= Professional Code of Quebec =

Professional law in Quebec

The Professional Code is a Quebec law that governs the professional system of the province of Quebec, in Canada. This system is composed of the Government of Quebec, the National Assembly of Quebec, the 46 professional orders, the Office des professions du Québec (OPQ) and of Conseil Interprofessionnel du Québec (CIQ) (Quebec's Interprofessional Council).
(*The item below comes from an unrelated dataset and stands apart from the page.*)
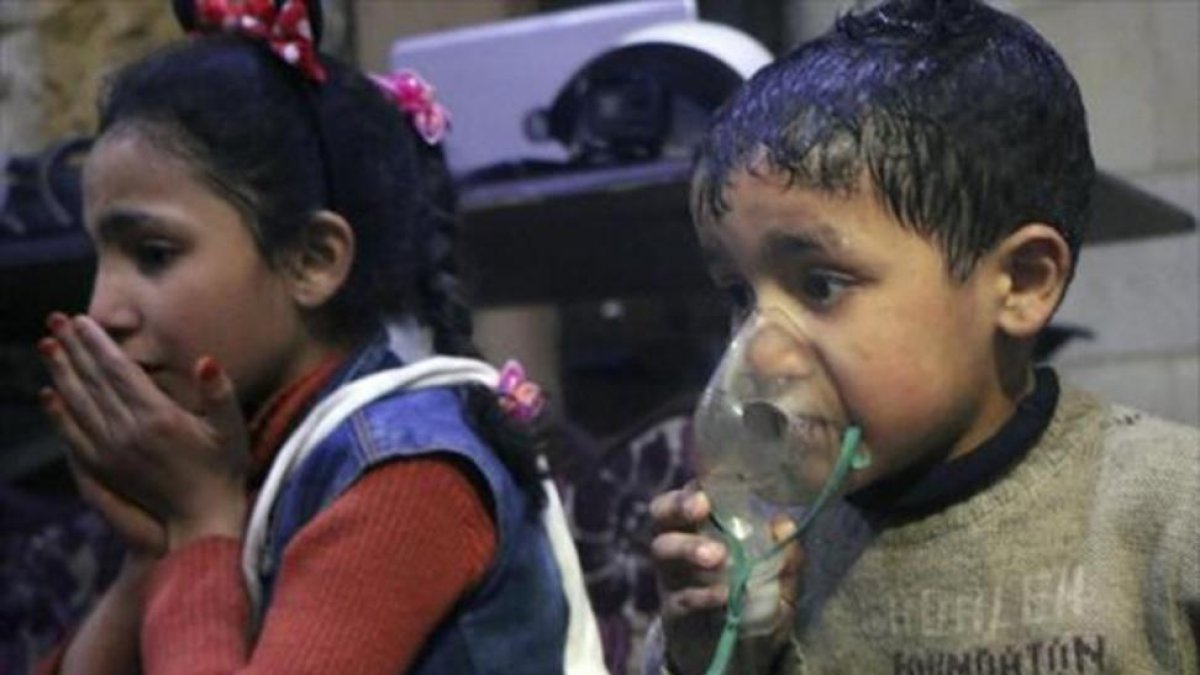 Niños reciben oxígeno, tras el ataque químico.-/ AP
== Framework of the Professional Code ==

The Professional Code is a framework law defining the mandates, responsibilities, structure and functioning of:

- The Office des professions du Québec (OPQ),
- The Conseil Interprofessionnel du Québec (English: Quebec Interprofessional Council) (CIQ),
- The Quebec Professional Orders.

The Professional Code of Quebec defines:

1. the practice of the professional activities of members subject to the Professional Code;
2. the exclusive use of reserved professional titles;
3. the exclusivity of acts reserved for certain professions;
4. regulations to be adopted by the board of directors of each order;
5. the roles, duties and functioning of the board of directors of each professional order;
6. licenses issued by radiology, psychotherapist, directorate of a dental prosthesis laboratory;
7. the practice of professional activities within a limited liability partnership or a joint-stock company;
8. provisions specific to certain professions;
9. provisions for professional inspection and discipline;
10. penal provisions;
11. investigations and immunities;
12. the role of the OPQ Commissioner of Complaints regarding mechanisms for recognizing professional competencies.

== History ==

The Professional Code was created in 1973. In July 1973, the articles of the Quebec Professional Code relating to the Conseil Interprofessionnel du Québec (Quebec Interprofessional Council) entered into force and in September 1973 for the articles relating to the Office des professions du Québec. The majority of the other articles will be in force on 1 February 1974.